The VitaFlow Liberty™ is the next-generation product of the VitaFlow® Transcatheter Aortic Valve and Delivery System (“VitaFlow®”), approved for marketing in 2019. Inheriting the unique design from VitaFlow®, VitaFlow Liberty™ features a hybrid density stent with double-layer skirts and a bovine pericardial leaflet. The retrievable delivery system of VitaFlow Liberty™ comes with an innovative motorized handle, allowing for fast, stable and accurate release and retrieval. In addition, VitaFlow Liberty™ is currently the only delivery system in the Chinese market whose distal end can be bent 360 degrees, providing superior flexibility to help minimize blood vessel damage and reduce the risk of complications. The motorized handle also provides surgeons with better control over the retrieval and repositioning of the valve.

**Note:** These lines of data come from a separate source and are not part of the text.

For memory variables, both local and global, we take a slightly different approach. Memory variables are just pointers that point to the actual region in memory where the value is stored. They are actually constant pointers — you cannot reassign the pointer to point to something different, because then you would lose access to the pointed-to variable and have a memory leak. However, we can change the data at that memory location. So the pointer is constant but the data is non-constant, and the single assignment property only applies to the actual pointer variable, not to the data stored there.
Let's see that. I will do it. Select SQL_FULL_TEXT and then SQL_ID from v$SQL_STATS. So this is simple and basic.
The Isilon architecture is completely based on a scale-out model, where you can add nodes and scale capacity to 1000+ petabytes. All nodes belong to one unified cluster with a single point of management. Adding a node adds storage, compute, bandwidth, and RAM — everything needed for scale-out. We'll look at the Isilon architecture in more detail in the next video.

Guoming Chen, Executive Director and President of MicroPort CardioFlow, said, “MicroPort CardioFlow has an extensive product portfolio in the field of transcatheter aortic therapy, providing clinicians with comprehensive transcatheter aortic therapy solutions. The upgrade of VitaFlow Liberty™ lies in the unique features provided by the innovative delivery system, which further improve the surgical experience. We believe that our ability to continuously innovate will ensure the core competitiveness of our future products for the benefit of more patients.”
In addition to VitaFlow Liberty™,MicroPort CardioFlow's first-generation Angelguide® preshaped super stiff guidewire (Angelguide®) was also approved for marketing. The guidewire features high support and smooth transition for guidewire and guide trail, thus reducing blood vessel damage and improving release precision.
Dr. Qiyi Luo, Chief Technology Officer of MicroPort® and Chairman of the Board of Directors o fMicroPort CardioFlow, commentged, “Within years of the launch of VitaFlow®, the product is already used in more than 220 heart centers across China, allowing MicroPort® to become a key player in the Chinese heart valve market. We are now more confident and motivated to accelerate our development of medical devices for valvular heart disease. With the market launch of the VitaFlow Liberty™ System, MicroPort CardioFlow will be able to better meet clinical needs, and provide better clinical outcomes.”